È il ricordo commosso e profondo del consigliere dell’Ordine nazionale dei Giornalisti, Oreste Pivetta, quello che saluta l’amico Goffredo Fofi, scomparso a 88 anni. Un tributo affettuoso, ma anche lucido e appassionato, alla figura di un intellettuale irripetibile, che ha attraversato la seconda metà del Novecento e i primi decenni del nuovo secolo con lo sguardo critico e il passo militante.
Nato a Gubbio nel 1937, Goffredo Fofi è stato critico cinematografico e letterario, fondatore di riviste, educatore e scrittore, anima inquieta e coerente di una cultura fatta di pensiero e azione, di marginalità e di battaglie.
Come ricorda Oreste Pivetta, fu a soli diciotto anni, nella Sicilia poverissima degli anni ’50, che Fofi scelse la trincea: Cortile Cascino, quartiere miseria di Palermo, dove arrivò da maestro “sovversivo” con Danilo Dolci, per insegnare ai bambini senza ricevere stipendio. Per questo fu cacciato con un foglio di via. L’Unità gli dedicò un editoriale dal titolo emblematico: “Delitto d’alfabeto”.
Da Palermo a Torino, dove partecipò ai Quaderni rossi di Panzieri e firmò un’inchiesta sull’immigrazione meridionale, troppo critica verso la Fiat per essere accettata da Einaudi. Poi Napoli, con la fondazione della Mensa dei bambini proletari a Montesanto: istruzione e pane, cultura e dignità.

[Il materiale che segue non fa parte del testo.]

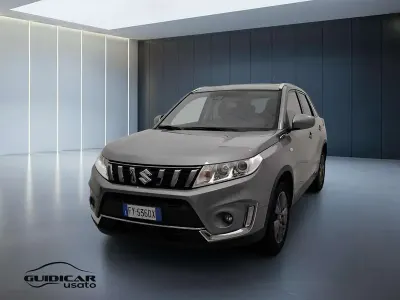 Usata Suzuki Vitara Cool 112 CV (82 kW) 2019 Grigio metallizzato chiaro SUV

Pivetta ricorda con ammirazione il Fofi instancabile creatore di riviste: Quaderni piacentini, Ombre rosse, La terra vista dalla luna, Lo straniero, Gli Asini. Per lui le riviste erano strumenti di battaglia, piazze culturali, occasioni per fare comunità attorno alla critica e al confronto.

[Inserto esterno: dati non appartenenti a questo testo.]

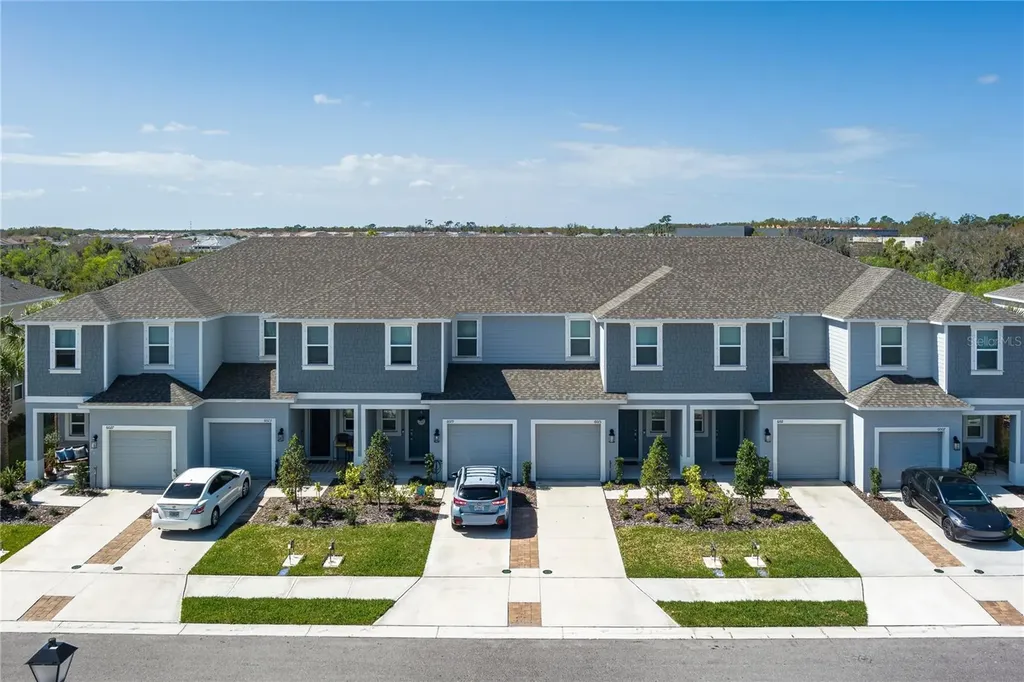 6011 Whetstone Court Palmetto FL 34221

Con Franca Faldini, Fofi riscattò Totò dall’oblio della critica, lo raccontò nel libro Totò. L’uomo e la maschera. Scoprì e studiò Alberto Sordi, icona delle contraddizioni italiane. Per lui il cinema era linguaggio popolare, strumento politico, specchio delle debolezze del Paese.
La memoria di Pivetta tratteggia una vita fatta di relazioni significative, con Elsa Morante, Calvino, Pasolini (tra scontri e stima), Capitini, Langer, Fortini, Ciafaloni. Incontri che segnavano fasi, accendevano idee, animavano azioni.
Fofi scrisse per L’Unità, Avvenire, Internazionale, sempre con la voce di chi voleva farsi capire da tutti, di chi credeva che il sapere non dovesse mai essere esercizio elitario, ma trincea popolare, pensiero utile, arma di trasformazione.
Nel suo commiato, Oreste Pivetta ricorda l’amico con le parole che più lo rappresentano: “Contro la pubblicità, la vacua denuncia, il divertimento insulso, la superficialità…”. Perché capire significava fare. E Goffredo Fofi ha fatto, ogni giorno, ogni pagina, ogni battaglia.